Deborah’s practice considers uncertainty and flux between process and outcome, material behaviours, processes, and sculptural assemblage as modes of making to test set categories of art disciplines and their associated material form. Networks, adaptation and connectives are structural devices in this practice, which are inspired by such things as the study of plant structures, energy conductive systems, the growth patterns of physical phenomema and futuristic transformative human imaginings.  Deborah has had a career in art education in university education ( University of Leeds)is a Fellow of the Royal Society of Sculptors, a member of thethe Yorkshire Sculptors Group and LAND2 (Practice led research network). She exhibits nationally and internationally in galleries, museums, cemeteries, sculpture parks and industrial regeneration sites.

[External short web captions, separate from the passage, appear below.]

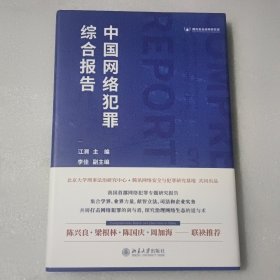 中国网络犯罪综合报告《签赠本》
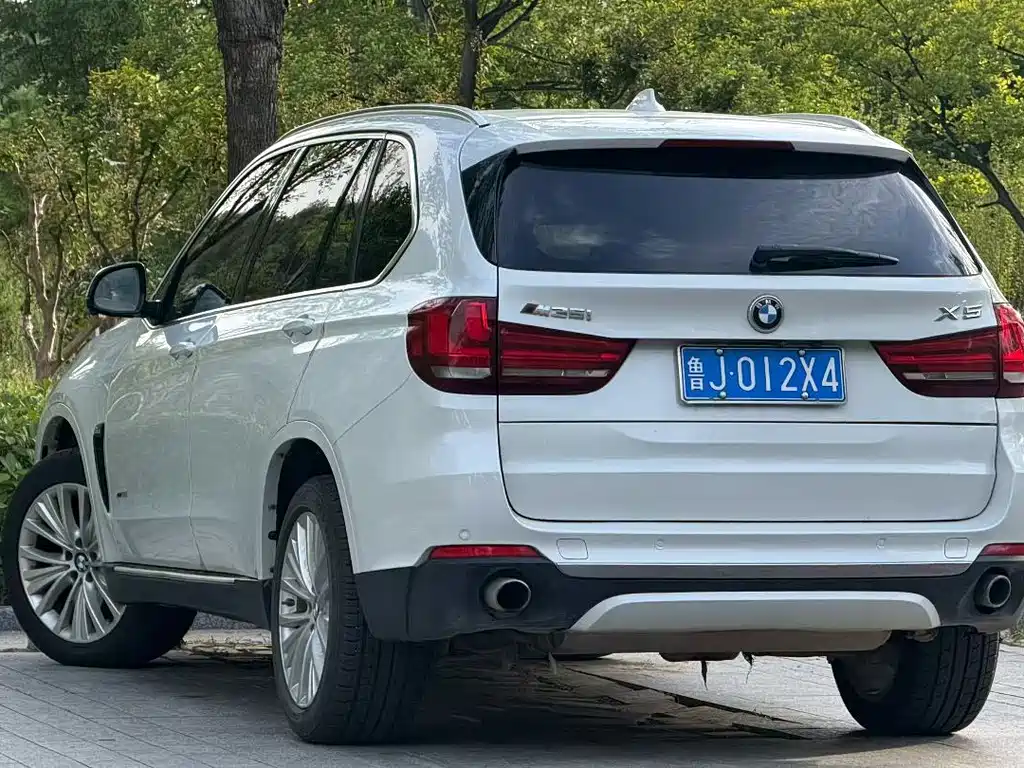 BMW X5 (Import) — миниатюра 7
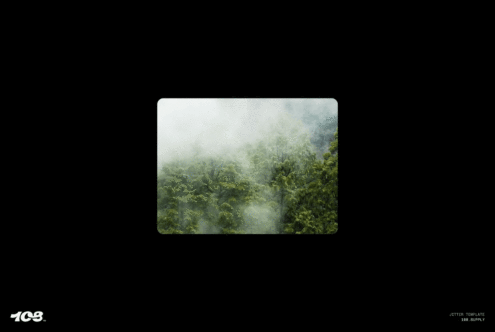 Foggy forest landscape with lush trees enveloped in misty air suitable for nature graphics or mockup templates ideal for designers and creatives.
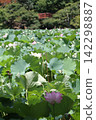 Beautiful ancient lotus flowers blooming in the foreground, with a red arched bridge in the background (Yasaka Park, Bando City) Beautiful ancient lotus flowers blooming in the foreground, with a red arched bridge in the background (Yasaka Park, Bando City) 142298887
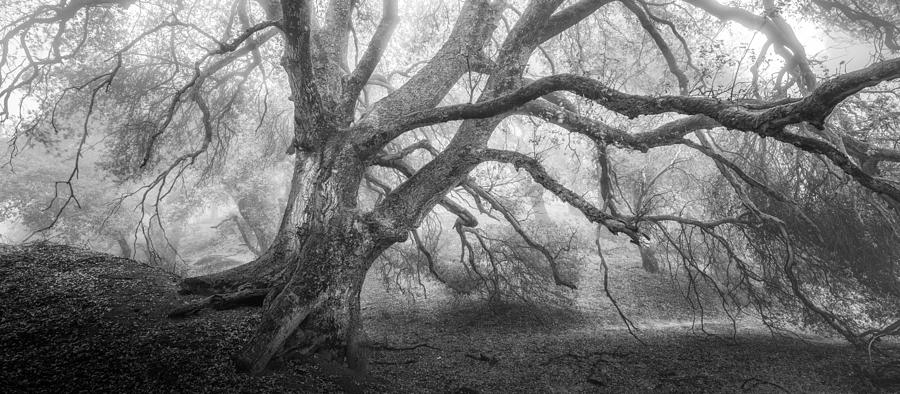 Dream Oak II mono Photograph by Alexander Kunz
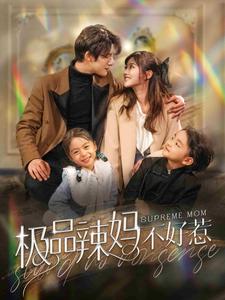 极品辣妈不好惹海报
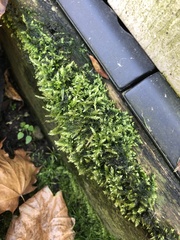 Rhynchostegium confertum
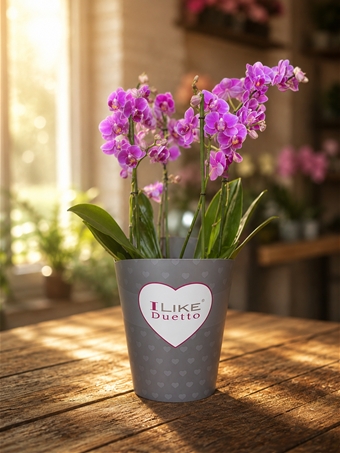 Phalaenopsis Duetto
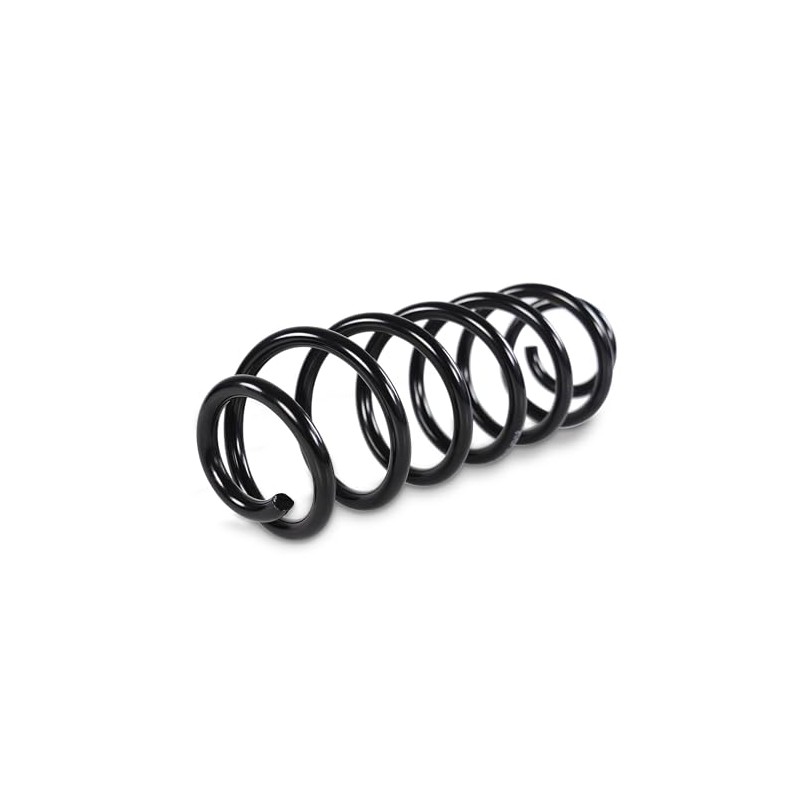 BESTPRICE 2x Suspension Springs Rear Left & Right Compatible with
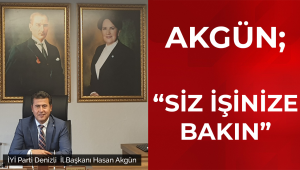 Siz işinize bakın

Most recent work explores the potential in repurposed materials, such as electrical waste to explore the generative power of repurposing materials to create new meaning. Residencies, projects and exhibitions in the past couple of years include: ‘The Nature of Things’, Saltsmill, Saltaire, ‘Here, Now and Then’, The Civic Barnsley, ‘Sculpture in the Gardnen’, Helmsley Walled Gardens, North Yorkshire, ‘Paint Thing’ Cornerstone Gallery, Liverpool Hope University, Trélex Artist Residency, Switzerland, ‘Plant Power’, GroundWork Gallery, Kings Lynn, ‘In the thick of things’ installation project, APT gallery, London, ‘Threads of Resilience’, Dalgart Artists Residency, Dâlga, Romania,
(a contemporary)Phantasmagoria, Tension Fine Art Gallery, London. She is currently collaborating in a pilot research project ‘Re-enchantment: The legacy of folklore in future imaginings’ which explores future imaginings of magic making, witchcraft and ritualism Network for Time ( University of Leeds).